**Task directions**
Give the count of lines in the data that include "https", with no other words.

**Records for this exercise**
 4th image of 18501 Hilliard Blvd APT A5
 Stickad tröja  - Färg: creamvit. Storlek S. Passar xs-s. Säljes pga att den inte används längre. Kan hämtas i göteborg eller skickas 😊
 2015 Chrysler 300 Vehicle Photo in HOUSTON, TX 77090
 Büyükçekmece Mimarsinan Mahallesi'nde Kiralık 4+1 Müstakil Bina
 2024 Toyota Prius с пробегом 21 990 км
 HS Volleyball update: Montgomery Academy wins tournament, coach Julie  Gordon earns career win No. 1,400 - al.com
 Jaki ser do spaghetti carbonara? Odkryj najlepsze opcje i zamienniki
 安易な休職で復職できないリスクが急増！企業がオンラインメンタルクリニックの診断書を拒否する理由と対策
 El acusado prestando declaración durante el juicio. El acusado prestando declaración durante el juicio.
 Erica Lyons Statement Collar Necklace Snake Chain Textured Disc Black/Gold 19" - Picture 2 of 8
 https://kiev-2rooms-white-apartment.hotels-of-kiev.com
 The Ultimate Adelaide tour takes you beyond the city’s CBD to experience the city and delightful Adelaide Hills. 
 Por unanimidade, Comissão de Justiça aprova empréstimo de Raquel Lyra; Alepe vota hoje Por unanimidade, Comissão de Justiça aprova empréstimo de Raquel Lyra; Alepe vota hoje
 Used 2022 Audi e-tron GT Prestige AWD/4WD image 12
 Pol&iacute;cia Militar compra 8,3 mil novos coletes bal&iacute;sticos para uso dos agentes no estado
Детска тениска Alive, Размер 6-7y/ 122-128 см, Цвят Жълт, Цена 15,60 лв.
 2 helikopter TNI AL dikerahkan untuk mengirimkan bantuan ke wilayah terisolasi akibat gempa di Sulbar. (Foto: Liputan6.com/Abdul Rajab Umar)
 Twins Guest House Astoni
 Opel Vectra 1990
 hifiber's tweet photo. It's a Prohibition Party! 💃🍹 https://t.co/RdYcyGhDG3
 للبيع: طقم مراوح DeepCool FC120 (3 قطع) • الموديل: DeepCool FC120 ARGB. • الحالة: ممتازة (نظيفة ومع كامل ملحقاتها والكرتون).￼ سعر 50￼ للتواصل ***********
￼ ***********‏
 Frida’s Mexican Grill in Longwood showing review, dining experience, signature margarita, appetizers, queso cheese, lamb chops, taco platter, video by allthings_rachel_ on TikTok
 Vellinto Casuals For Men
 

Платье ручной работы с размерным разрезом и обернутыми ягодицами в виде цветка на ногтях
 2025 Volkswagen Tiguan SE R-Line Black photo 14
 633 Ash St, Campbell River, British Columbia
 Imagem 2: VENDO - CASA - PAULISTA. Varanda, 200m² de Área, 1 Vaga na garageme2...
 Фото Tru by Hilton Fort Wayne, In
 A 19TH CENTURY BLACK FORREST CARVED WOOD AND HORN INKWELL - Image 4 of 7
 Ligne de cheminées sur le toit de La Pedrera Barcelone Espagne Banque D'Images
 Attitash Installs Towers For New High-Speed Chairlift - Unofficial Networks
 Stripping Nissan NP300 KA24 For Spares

**Finished task**
2